## [Instructions to follow]
Retype exactly the lines below, starting with the line that contains "Epson Singlepack Vivid" and ending with the last line; leave out any pictures.

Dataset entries
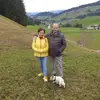 Walter Röck - @dyfrtknp5v52 - TikTok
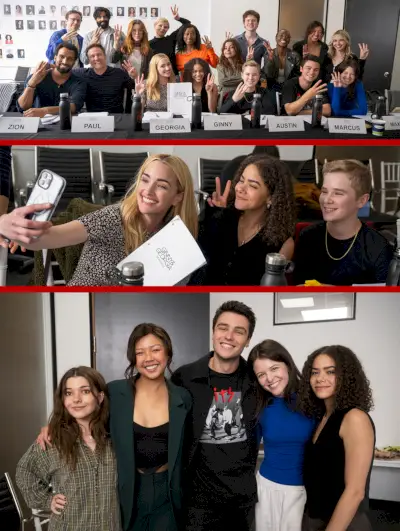 Tableread Of Ginny And Georgia Staffel 3 Netflix.webp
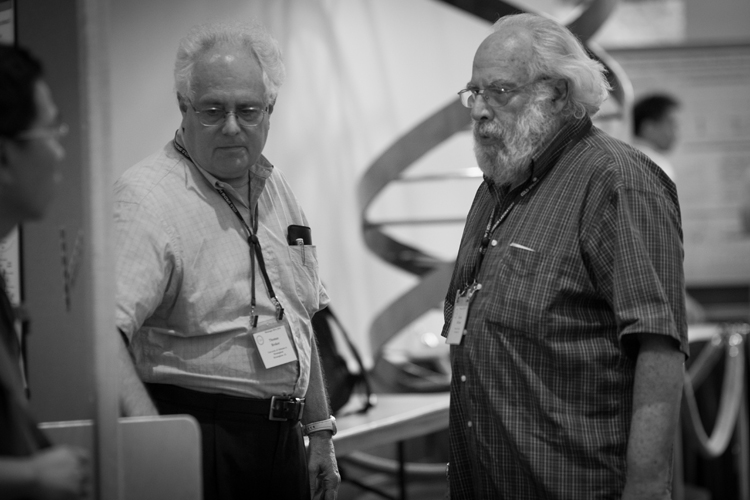 IMG_6751_Thomas_Broker_Hyman_Hartman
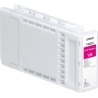 Epson Singlepack Vivid Magenta T44Q34N UltraChrome PRO 12 350ml | Epson Singlepack UltraChrome PRO 12 | T44Q3 | Ink cartridge | 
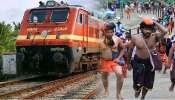 Sabarimala Special Trains: అయ్యప్ప భక్తులకు శుభవార్త, శబరిమలకు 26 ప్రత్యేక రైళ్లు ఇవే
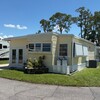 Mobile Home for Sale: 1 Bed 1 Bath 1985 Other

## [Solution to this problem]
 Epson Singlepack Vivid Magenta T44Q34N UltraChrome PRO 12 350ml | Epson Singlepack UltraChrome PRO 12 | T44Q3 | Ink cartridge | 
 Sabarimala Special Trains: అయ్యప్ప భక్తులకు శుభవార్త, శబరిమలకు 26 ప్రత్యేక రైళ్లు ఇవే
 Mobile Home for Sale: 1 Bed 1 Bath 1985 Other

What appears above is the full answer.